While their excesses seem rather quaint from our current perspective, they weren't the kind of fools to let musicianship overshadow songwriting ideas, and both sides of this single are brief windows into that side of their world. "It's A Beautiful Day" is a jaunty skip through summer replete with puffing flutes and keen vocal melodies. Over on the flip, on the other hand, gives them a bit more room to stretch out and use the full ensemble to huge effect with some of the proggy fussiness leaking through. 

5 October 2022

Willy Flascher and the Raincoats - (Everybody Wants To Be A) Streaker/ Run Rabbit

 

In the past, our privates were all famous for fifteen minutes

Label: Decca
Year of Release: 1974

At some point in the early eighties, I was sat in the living room while my Dad watched the cricket. I cared not for the test match, but my attention was briefly caught by a man running stark bollock naked across the pitch while my parents sighed. "Another attention seeker's disrupted a game," my Dad muttered, while the rest of the family gazed up for a split second before going back to our own interests.

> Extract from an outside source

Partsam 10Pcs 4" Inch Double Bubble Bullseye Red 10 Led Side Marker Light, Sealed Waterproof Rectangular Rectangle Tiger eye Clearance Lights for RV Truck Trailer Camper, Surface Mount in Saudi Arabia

A streaker again. BORING. By the eighties, streaking felt like the realm of sad arses desperate to be noticed, drunken rugger buggers and sex pests, and it's probably not much of a coincidence that the phenomenon didn't really grab headlines much throughout that decade.

In the seventies, though,  something about streaking was deemed sufficiently cheeky and carefree - and not dodgy at all - and captured the media and the public's imagination. Ray Stevens "The Streak" got to number one in 1974 on the back of all the anarchic public nudity, and no doubt the mysterious Willy Flascher here (no points for the choice of name) fancied a slice of the tittybum pie profits.

If Ray Stevens' record was all whoopsy-daisy larks and laughs, like a cornball Benny Hill number retranslated to smalltown America, this one is more of a bar-room novelty ditty with woodworm infested piano and oompah rhythms - somewhere between Gilbert O'Sullivan and Lieutenant Pigeon without quite capturing the wit or eccentricity of either. "You can have a lot of fun when you're flashing your bum" they sing as if they know from experience.

The B-side is more interesting, having an almost glam grooviness to it which is utterly unexpected given the unvarnished spit and sawdust scruffiness of the plug side. It sticks rigidly to its groove without changing tack much, but is brief enough to not wear out its welcome. 

2 October 2022

Hollywood Freeway - I've Been Moved/ Cool Calamares

 



Superb bit of pounding plastic soul from a mysterious source

Label: Deram
Year of Release: 1972

A mystery wrapped in a riddle inside a conundrum, this one. "I've Been Moved" was originally slated to be released on the Moody Blues "Threshold" label in April 1972, but only emerged as a promotional demo copy there. It finally hit the shelves in July 1972 on Deram, the jump to a different label and the release delay seemingly remaining unexplained. Was the release just too "pop" for the Moody Blues progressively inclined label, or was there some kind of business disagreement? Who knows. 

What I do know is that "I've Been Moved" is another example of the criminally under-rated sunshine pop/ plastic soul sound the British market seemed riddled with in the early seventies. For every single of this ilk which broke through, another dozen perfectly good examples seemed to dip unloved into the vinyl recycling melters at the pressing plant - and in the case of "I've Been Moved", this would have been a harsh ending. The record pounds, parps and joyously speeds its way towards euphoria, like a Denmark Street employee's streamlined idea of a Northern Soul sound. 

The group Hollywood Freeway are something of an unknown quantity, though, and once again the temptation to conclude that they're just a studio group is strong. Jobbing producer Michael Aldred was clearly at the mixing desk here and also wrote the B-side, so I was initially tempted to say it's a project of his, but their second single "You're The Song (That I Can't Stop Singing)", released by Pye the following summer, was co-penned and produced by Tony Rivers and had no Aldred involvement.